After nearly two years of intermittent border skirmishes and protracted diplomatic talks, Armenia and Azerbaijan are edging closer to reaching a definitive peace agreement to their decades-long dispute over the Nagorno-Karabakh region. Significant hurdles still exist, but the Armenian perspective on Nagorno-Karabakh since the end of the 2020 war over the breakaway Azerbaijani province has undergone significant changes, reflecting the altered geopolitical balance of power in the region.
The first concrete evidence of the progress in peace negotiations came in March 2022, when Azerbaijan presented a framework for normalizing bilateral relations. This includes establishing diplomatic relations, opening transport routes, mutually recognizing territorial integrity and, most important of all, acknowledging the absence of territorial claims on either side. Border delimitation and demarcation—a troubling issue between the two historical rivals—was another component of the proposed peace plan.
Surprisingly, Armenia did not summarily reject Baku’s proposals.
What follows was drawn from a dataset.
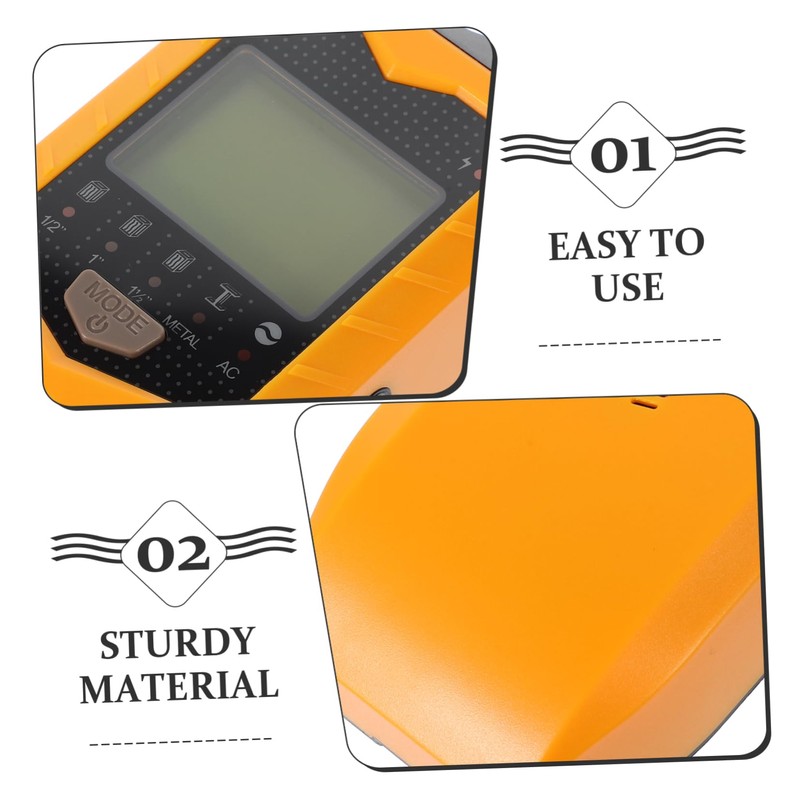 TEHAUX Wall Scanner with LCD Display Handheld Metal and Magnetic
Instead, in responding to the plan, Armenian Foreign Minister Ararat Mirzoyan stated that for Yerevan, “the Nagorno-Karabakh conflict is not a territorial issue,” but rather a matter of protecting the rights of ethnic Armenian inhabitants of the region, thereby marking a significant shift in Yerevan’s decades-long rhetoric. The First Nagorno-Karabakh War following the breakup of the Soviet Union ended in the early 1990s with Armenia victorious and in control not only of Nagorno-Karabakh but also significant amounts of Azerbaijani territory around it. Ever since then, Yerevan challenged Azerbaijan’s territorial sovereignty over Nagorno-Karabakh and pushed for international recognition of the separatist region’s independence.